I also agree with Dom that Cube curators should be very careful with non-basic hosers i.e. I know the Antwerp asseverators are fans of Wasteland but my playgroup just about revolted the one week I had 'em in there with Loam and Crucible, which was really funny but ONLY ONCE!! PoP would also induce aPoPlexy and Anathemancer is an ... wait, that would be fine. I think 4 Tec Edges in funsies draft are a good place to start.

Another crucible-ial concept is that increasing the power level of your fixing necessitates fewer slots be used for it i.e. if nobody plays cluestones then WHY PRINT THEM IN THE GODDAMN FIRST PLACE DGJDFHKGjfdhgkdfjh.
 

Eric Chan

Hyalopterous Lemure
Staff member
Yowza. Busted links are busted!

Are you trying to show card images? [ci]Plateau[/ci] is probably the tag you're looking for. (I'M SORRY I KNOW THERE SHOULD BE BUTTONS FOR THIS IT'S ON MY TO DO LIST I SWEAR)
 
So I'm currently thinking about the following configuration: shocks, buddies, karoos (or maybe filters?) and 5 miscellaneous lands in the main cube, then make 14 card packs and have the 'basic land slot' be one of the vivids or one of hallimar depths, sejiri steppe, teetering peaks, dakmor salvage or llanowar reborn, with a pool of maybe 5 of each to generate packs from. I haven't yet figured out if this is even remotely sensible, but it seems like it should offer some interesting choices, or at least some actual marginal value if they pop out 15th pick like basic lands do.

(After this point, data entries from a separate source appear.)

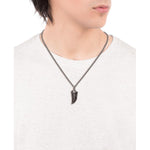 VICEROY FASHION Mod. 15060C01010 DESIGNER FASHION JEWELLERY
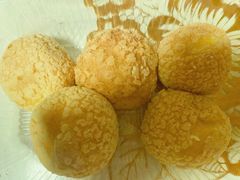 -東更道点心行(文化东路店)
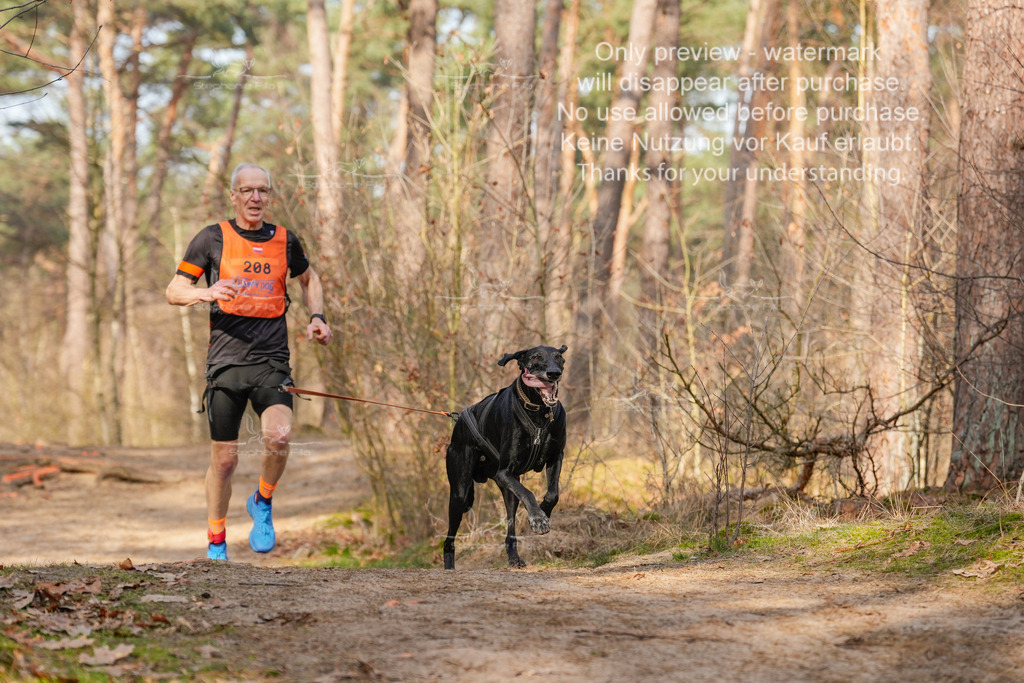 LangeCross_So-68 | stephaniefillaphotographie - Realisiert mit Pictrs.com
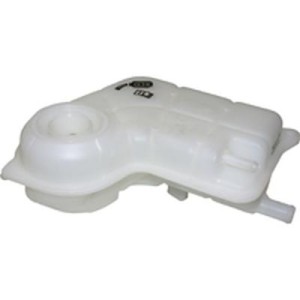 BIRTH Wasserkasten, Kühler 8754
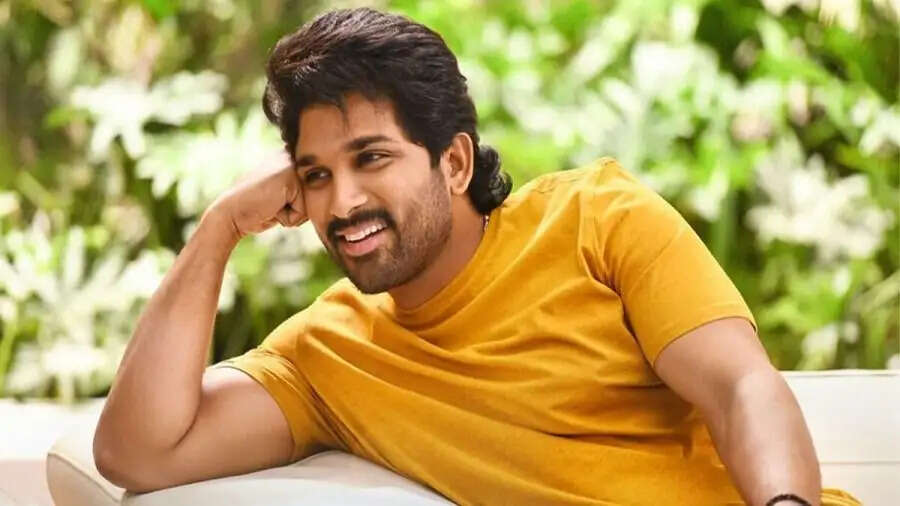 Entertainment News-  ये हैं भारत के सबसे महंगे अभिनेता, नाम जानकर हैरान हो जाएंगे आप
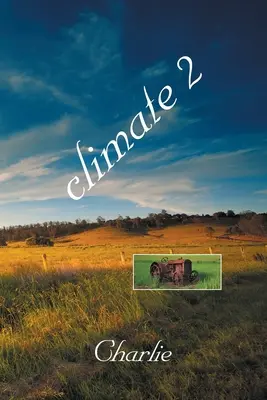 Clima 2 - Climate 2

I should probably actually make a thread for my list at some point, and/or start purchasing cards for it.
 

Chris Taylor

Contributor
So I'm currently thinking about the following configuration: shocks, buddies, karoos (or maybe filters?) and 5 miscellaneous lands in the main cube, then make 14 card packs and have the 'basic land slot' be one of the vivids or one of hallimar depths, sejiri steppe, teetering peaks, dakmor salvage or llanowar reborn, with a pool of maybe 5 of each to generate packs from. I haven't yet figured out if this is even remotely sensible, but it seems like it should offer some interesting choices, or at least some actual marginal value if they pop out 15th pick like basic lands do.

I should probably actually make a thread for my list at some point, and/or start purchasing cards for it.

Have you looked at the thread somewhere in here about the "Utility Land Draft"? It provides a similar feel without being so random, and has a nice element of public information like the dual faced cards did in innistrad (Well, the ones that were worth paying attention to anyways)
 

CML

Contributor
if they're all going 15th pick then isn't it random who gets them? (a reductio ad absurdum but still worth thinking about) -- why not another 'actual' card instead? etc.